(Short descriptive text snippets)
>>>>

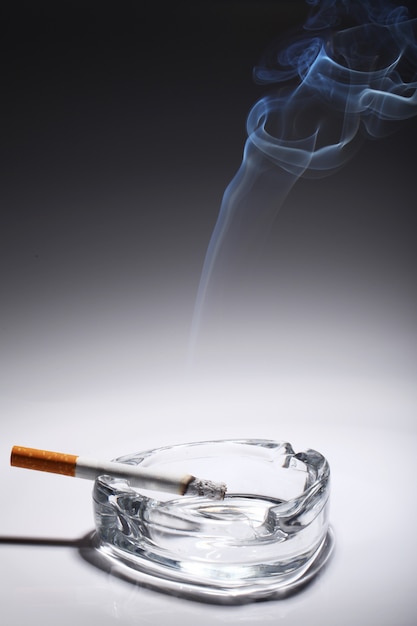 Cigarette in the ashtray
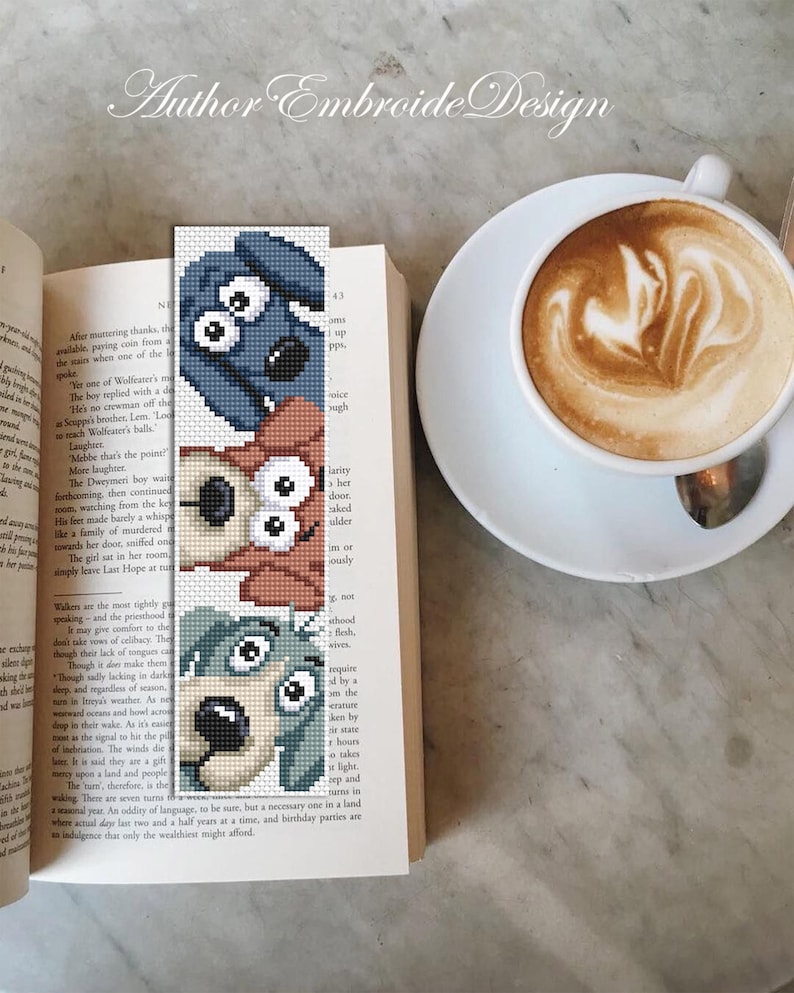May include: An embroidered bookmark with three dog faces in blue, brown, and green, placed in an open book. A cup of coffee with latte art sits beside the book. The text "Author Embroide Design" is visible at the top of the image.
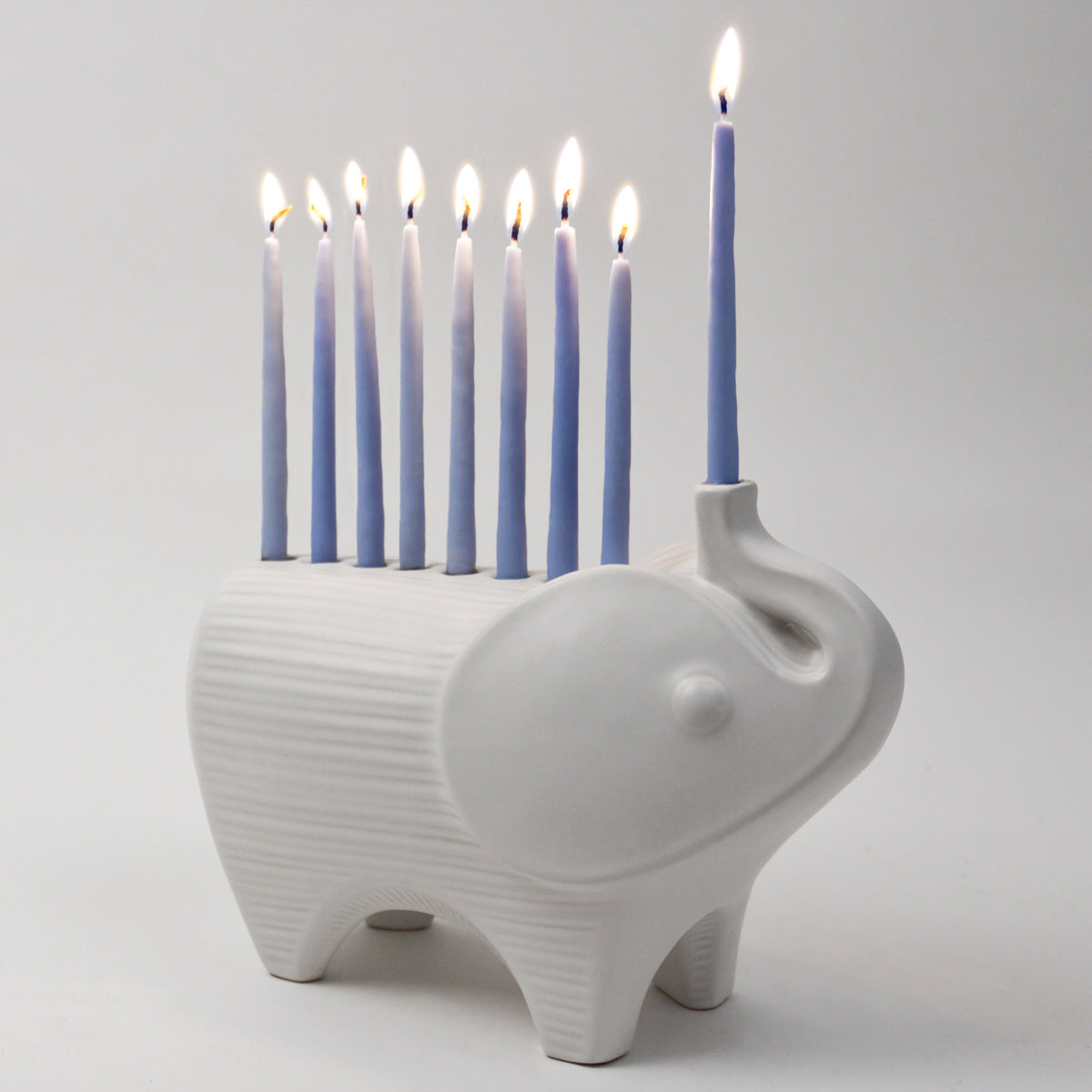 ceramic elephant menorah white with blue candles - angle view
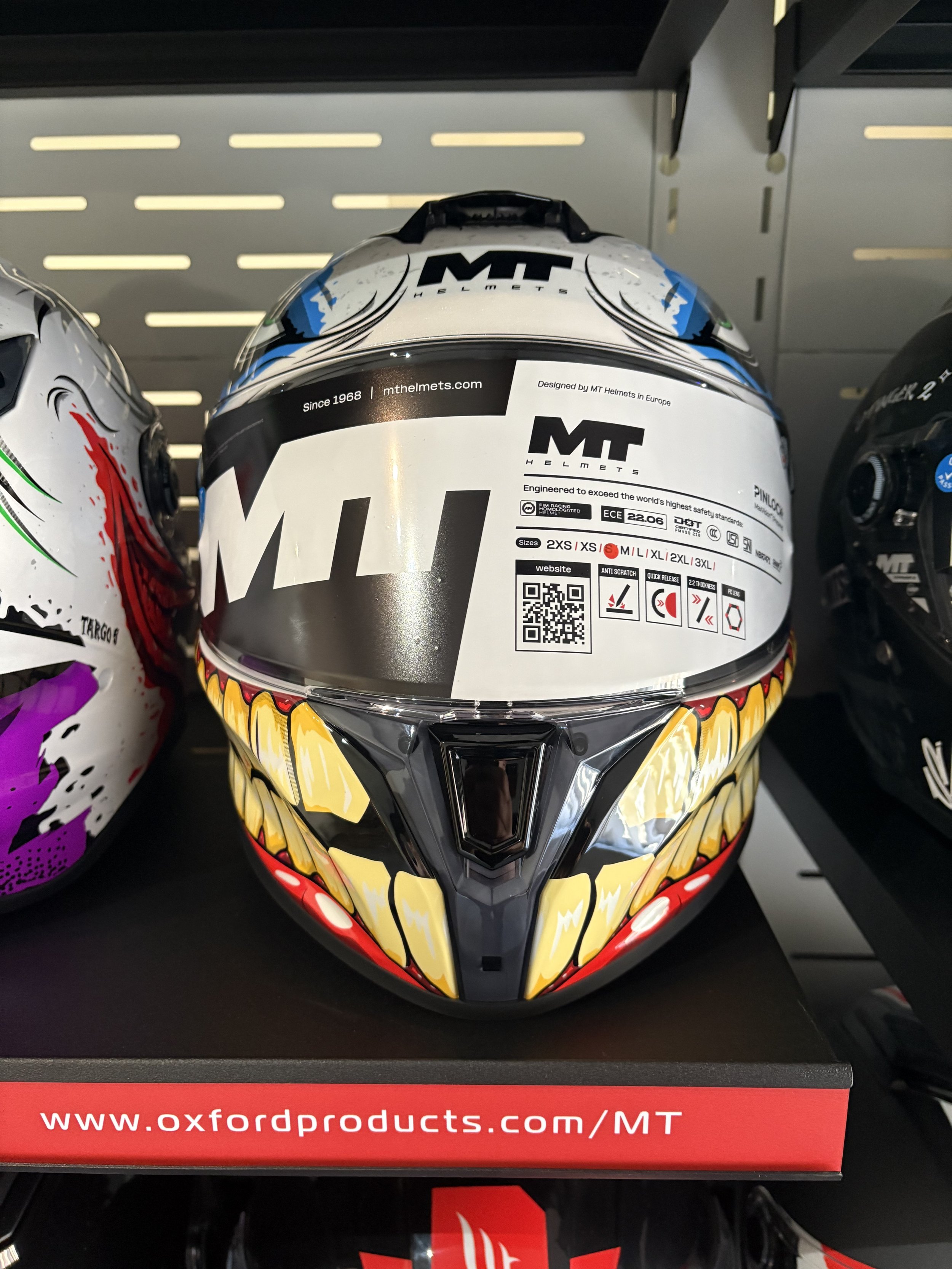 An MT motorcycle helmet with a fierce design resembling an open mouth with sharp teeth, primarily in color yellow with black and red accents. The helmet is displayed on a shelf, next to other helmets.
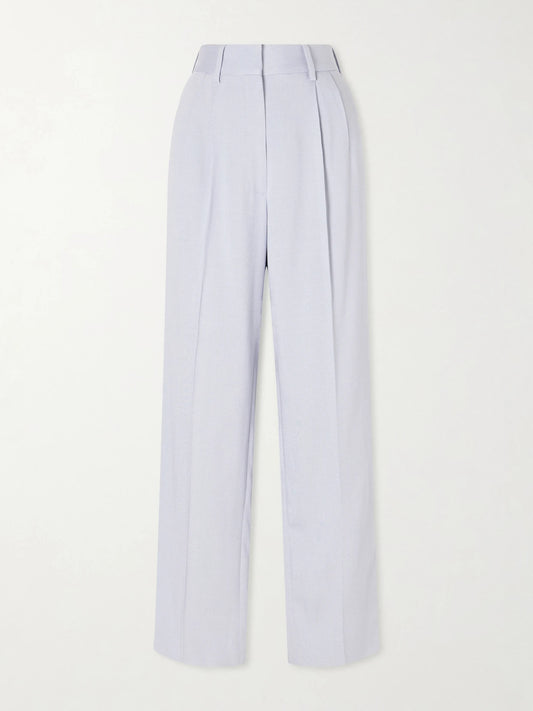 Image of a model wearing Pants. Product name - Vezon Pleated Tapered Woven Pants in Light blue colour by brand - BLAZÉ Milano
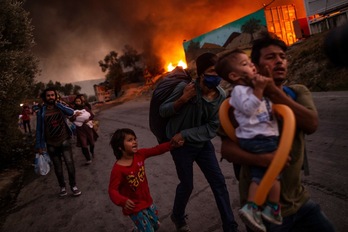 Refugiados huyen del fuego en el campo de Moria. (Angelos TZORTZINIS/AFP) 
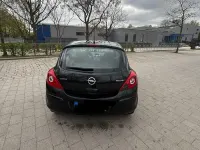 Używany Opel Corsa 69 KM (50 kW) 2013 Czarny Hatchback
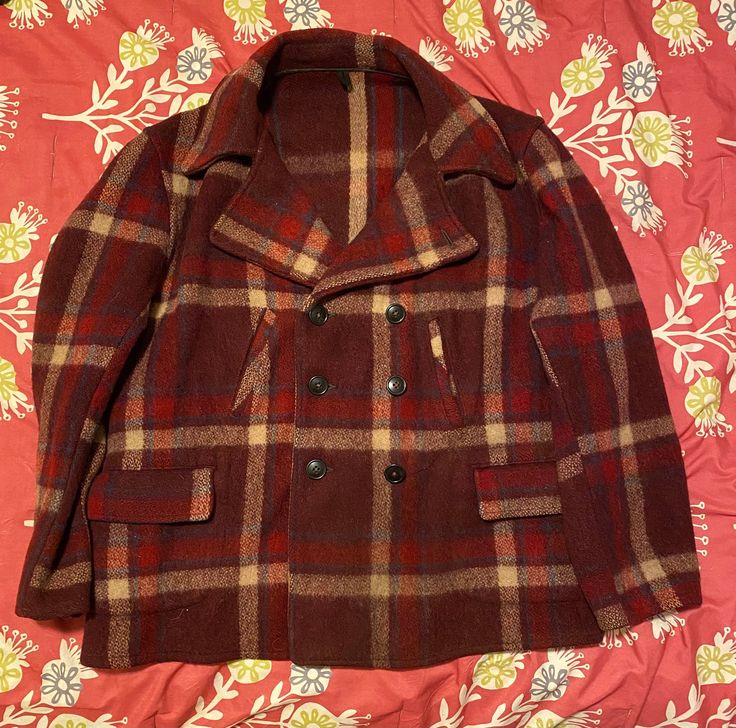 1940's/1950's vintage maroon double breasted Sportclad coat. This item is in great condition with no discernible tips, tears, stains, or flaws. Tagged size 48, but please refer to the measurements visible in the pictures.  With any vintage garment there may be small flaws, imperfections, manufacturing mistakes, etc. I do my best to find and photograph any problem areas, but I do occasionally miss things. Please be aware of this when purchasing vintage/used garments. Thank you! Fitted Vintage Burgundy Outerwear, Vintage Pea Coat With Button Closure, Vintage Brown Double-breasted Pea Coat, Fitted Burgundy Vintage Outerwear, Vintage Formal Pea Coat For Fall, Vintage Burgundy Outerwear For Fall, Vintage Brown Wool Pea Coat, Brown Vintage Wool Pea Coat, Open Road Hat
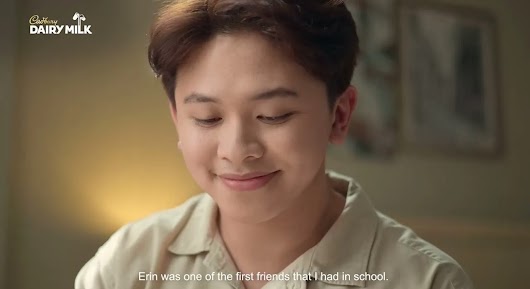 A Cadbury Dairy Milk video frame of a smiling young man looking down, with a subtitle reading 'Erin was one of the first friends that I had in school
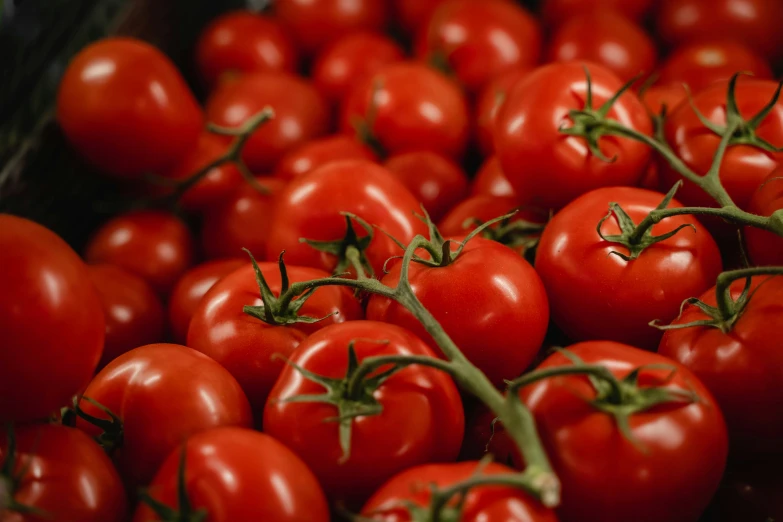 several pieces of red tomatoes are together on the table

<<<<

> _Exercise_
All pictures are to be skipped. Output, word for word, the lines in the data above starting at the line containing "May include: An" and ending at the line containing "Używany Opel Corsa".

> _Response_
May include: An embroidered bookmark with three dog faces in blue, brown, and green, placed in an open book. A cup of coffee with latte art sits beside the book. The text "Author Embroide Design" is visible at the top of the image.
 ceramic elephant menorah white with blue candles - angle view
 An MT motorcycle helmet with a fierce design resembling an open mouth with sharp teeth, primarily in color yellow with black and red accents. The helmet is displayed on a shelf, next to other helmets.
 Image of a model wearing Pants. Product name - Vezon Pleated Tapered Woven Pants in Light blue colour by brand - BLAZÉ Milano
 Refugiados huyen del fuego en el campo de Moria. (Angelos TZORTZINIS/AFP) 
 Używany Opel Corsa 69 KM (50 kW) 2013 Czarny Hatchback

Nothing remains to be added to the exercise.